What is expected: The required output is the exact run of lines below that opens at the line with "Новорічне оформлення Майдану" and closes at the line with "Ex-presidente Jair Bolsonaro, ao".

[[ Listed entries, beginning ]]

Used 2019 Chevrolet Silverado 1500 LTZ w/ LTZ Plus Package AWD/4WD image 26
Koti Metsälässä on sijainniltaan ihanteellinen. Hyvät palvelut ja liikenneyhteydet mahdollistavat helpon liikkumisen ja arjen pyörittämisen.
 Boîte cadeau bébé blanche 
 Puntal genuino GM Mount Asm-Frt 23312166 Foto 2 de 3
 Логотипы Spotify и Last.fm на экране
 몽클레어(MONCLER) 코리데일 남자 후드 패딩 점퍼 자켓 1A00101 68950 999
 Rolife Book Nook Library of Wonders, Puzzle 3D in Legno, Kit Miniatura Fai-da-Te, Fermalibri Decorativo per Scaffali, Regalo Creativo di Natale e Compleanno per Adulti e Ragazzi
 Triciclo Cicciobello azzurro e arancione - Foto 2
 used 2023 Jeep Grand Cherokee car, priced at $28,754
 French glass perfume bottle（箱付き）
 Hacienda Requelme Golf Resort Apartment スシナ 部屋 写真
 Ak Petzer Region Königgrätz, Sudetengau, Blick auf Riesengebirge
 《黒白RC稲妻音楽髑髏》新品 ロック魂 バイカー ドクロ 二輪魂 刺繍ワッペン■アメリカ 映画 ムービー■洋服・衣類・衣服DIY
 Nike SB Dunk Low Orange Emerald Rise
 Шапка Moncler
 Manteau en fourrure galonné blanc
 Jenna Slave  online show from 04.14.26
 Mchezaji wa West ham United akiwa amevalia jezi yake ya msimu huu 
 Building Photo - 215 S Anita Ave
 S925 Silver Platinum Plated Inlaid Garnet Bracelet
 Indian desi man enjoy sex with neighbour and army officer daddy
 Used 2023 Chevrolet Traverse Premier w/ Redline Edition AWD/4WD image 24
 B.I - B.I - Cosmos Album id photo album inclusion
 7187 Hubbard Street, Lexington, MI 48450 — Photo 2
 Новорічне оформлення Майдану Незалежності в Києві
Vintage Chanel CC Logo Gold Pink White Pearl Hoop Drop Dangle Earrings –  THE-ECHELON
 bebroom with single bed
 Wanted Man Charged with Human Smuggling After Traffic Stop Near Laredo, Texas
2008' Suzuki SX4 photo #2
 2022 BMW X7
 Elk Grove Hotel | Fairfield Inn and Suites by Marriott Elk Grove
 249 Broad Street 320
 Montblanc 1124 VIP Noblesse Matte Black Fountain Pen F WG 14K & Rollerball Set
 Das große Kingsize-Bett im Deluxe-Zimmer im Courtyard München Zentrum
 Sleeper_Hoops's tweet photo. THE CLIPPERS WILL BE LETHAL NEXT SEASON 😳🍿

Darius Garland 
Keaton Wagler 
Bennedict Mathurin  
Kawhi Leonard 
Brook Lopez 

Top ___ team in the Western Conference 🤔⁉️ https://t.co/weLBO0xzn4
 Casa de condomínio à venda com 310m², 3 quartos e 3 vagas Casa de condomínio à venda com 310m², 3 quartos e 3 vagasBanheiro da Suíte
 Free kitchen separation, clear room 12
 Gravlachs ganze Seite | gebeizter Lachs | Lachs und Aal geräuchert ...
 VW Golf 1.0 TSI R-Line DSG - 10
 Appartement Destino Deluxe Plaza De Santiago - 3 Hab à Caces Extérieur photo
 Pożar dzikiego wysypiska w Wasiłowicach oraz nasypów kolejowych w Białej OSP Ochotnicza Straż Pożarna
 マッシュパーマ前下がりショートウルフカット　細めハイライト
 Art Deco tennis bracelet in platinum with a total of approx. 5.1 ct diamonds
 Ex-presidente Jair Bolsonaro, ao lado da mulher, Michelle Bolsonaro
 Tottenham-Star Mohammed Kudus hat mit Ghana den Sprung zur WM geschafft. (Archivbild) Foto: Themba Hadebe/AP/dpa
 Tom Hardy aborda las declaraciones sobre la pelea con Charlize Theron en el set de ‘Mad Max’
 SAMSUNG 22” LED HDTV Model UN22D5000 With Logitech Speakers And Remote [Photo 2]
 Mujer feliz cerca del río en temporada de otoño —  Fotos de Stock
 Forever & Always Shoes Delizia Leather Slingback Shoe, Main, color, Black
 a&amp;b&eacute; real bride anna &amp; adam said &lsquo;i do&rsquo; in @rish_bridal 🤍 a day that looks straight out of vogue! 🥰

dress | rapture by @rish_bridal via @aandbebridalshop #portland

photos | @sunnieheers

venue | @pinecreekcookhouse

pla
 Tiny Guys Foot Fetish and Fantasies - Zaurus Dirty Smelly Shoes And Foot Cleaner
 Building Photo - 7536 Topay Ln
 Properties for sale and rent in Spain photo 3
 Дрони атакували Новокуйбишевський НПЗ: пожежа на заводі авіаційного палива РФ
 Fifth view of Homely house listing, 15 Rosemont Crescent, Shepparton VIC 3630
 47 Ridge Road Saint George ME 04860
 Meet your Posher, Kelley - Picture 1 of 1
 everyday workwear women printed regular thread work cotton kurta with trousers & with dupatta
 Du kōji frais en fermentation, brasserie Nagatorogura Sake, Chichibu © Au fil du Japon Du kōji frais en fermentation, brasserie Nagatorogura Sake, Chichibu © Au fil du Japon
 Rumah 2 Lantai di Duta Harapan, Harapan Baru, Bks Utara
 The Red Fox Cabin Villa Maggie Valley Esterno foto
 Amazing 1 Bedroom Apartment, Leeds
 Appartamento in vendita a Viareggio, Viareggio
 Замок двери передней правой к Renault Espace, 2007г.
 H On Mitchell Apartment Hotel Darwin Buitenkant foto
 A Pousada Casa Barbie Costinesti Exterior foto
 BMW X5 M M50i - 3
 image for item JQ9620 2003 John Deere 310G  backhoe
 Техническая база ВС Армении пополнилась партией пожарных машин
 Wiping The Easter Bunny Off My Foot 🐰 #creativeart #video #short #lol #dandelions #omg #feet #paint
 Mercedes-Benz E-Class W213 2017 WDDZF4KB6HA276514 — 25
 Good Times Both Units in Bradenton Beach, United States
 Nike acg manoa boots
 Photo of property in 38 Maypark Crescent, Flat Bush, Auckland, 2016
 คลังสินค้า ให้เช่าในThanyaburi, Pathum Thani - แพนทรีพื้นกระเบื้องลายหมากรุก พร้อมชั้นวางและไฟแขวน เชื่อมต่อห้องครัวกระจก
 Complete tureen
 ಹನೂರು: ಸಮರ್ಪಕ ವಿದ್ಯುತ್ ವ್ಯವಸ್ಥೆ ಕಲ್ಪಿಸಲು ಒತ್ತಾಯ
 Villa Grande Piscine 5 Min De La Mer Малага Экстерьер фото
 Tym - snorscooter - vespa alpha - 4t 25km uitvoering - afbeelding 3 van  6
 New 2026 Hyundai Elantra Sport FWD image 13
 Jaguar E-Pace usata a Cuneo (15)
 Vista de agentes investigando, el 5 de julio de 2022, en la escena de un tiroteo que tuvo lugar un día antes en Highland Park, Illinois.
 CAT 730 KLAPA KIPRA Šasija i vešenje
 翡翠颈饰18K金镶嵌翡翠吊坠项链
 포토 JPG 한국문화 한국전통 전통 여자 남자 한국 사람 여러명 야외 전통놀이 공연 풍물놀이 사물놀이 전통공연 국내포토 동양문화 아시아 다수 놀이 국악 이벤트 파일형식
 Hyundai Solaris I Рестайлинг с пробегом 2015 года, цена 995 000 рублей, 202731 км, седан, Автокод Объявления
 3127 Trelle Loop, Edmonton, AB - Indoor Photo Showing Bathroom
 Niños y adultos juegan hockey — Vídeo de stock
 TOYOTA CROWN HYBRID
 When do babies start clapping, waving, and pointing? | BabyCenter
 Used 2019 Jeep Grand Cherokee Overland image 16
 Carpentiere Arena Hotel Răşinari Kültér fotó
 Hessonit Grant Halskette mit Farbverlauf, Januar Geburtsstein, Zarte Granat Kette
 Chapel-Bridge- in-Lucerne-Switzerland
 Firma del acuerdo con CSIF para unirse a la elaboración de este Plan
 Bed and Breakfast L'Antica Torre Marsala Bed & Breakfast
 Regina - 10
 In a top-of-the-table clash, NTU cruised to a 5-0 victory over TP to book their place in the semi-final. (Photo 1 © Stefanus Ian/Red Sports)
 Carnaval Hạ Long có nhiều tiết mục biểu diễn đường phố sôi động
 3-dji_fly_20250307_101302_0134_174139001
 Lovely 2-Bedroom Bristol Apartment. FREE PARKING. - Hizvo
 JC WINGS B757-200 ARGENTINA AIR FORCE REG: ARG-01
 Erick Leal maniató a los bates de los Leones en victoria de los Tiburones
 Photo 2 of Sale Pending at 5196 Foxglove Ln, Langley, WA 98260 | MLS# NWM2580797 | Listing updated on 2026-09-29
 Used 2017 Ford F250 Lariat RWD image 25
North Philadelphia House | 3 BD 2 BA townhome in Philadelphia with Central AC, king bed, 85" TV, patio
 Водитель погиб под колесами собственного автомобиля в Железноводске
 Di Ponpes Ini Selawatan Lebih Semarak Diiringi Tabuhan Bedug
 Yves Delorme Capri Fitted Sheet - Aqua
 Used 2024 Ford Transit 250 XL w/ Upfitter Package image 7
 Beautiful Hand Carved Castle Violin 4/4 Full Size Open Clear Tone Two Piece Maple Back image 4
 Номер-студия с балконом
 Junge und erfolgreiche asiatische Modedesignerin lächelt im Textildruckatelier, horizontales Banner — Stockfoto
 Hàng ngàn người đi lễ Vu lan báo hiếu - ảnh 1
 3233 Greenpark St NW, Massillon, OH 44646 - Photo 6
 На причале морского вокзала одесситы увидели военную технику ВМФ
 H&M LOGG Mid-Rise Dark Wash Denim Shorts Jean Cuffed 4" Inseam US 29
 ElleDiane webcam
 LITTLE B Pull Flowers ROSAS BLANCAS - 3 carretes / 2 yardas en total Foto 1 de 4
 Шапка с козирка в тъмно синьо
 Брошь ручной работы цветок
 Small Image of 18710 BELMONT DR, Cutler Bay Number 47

[[ Listed entries, end ]]

Final answer:
 Новорічне оформлення Майдану Незалежності в Києві
Vintage Chanel CC Logo Gold Pink White Pearl Hoop Drop Dangle Earrings –  THE-ECHELON
 bebroom with single bed
 Wanted Man Charged with Human Smuggling After Traffic Stop Near Laredo, Texas
2008' Suzuki SX4 photo #2
 2022 BMW X7
 Elk Grove Hotel | Fairfield Inn and Suites by Marriott Elk Grove
 249 Broad Street 320
 Montblanc 1124 VIP Noblesse Matte Black Fountain Pen F WG 14K & Rollerball Set
 Das große Kingsize-Bett im Deluxe-Zimmer im Courtyard München Zentrum
 Sleeper_Hoops's tweet photo. THE CLIPPERS WILL BE LETHAL NEXT SEASON 😳🍿

Darius Garland 
Keaton Wagler 
Bennedict Mathurin  
Kawhi Leonard 
Brook Lopez 

Top ___ team in the Western Conference 🤔⁉️ https://t.co/weLBO0xzn4
 Casa de condomínio à venda com 310m², 3 quartos e 3 vagas Casa de condomínio à venda com 310m², 3 quartos e 3 vagasBanheiro da Suíte
 Free kitchen separation, clear room 12
 Gravlachs ganze Seite | gebeizter Lachs | Lachs und Aal geräuchert ...
 VW Golf 1.0 TSI R-Line DSG - 10
 Appartement Destino Deluxe Plaza De Santiago - 3 Hab à Caces Extérieur photo
 Pożar dzikiego wysypiska w Wasiłowicach oraz nasypów kolejowych w Białej OSP Ochotnicza Straż Pożarna
 マッシュパーマ前下がりショートウルフカット　細めハイライト
 Art Deco tennis bracelet in platinum with a total of approx. 5.1 ct diamonds
 Ex-presidente Jair Bolsonaro, ao lado da mulher, Michelle Bolsonaro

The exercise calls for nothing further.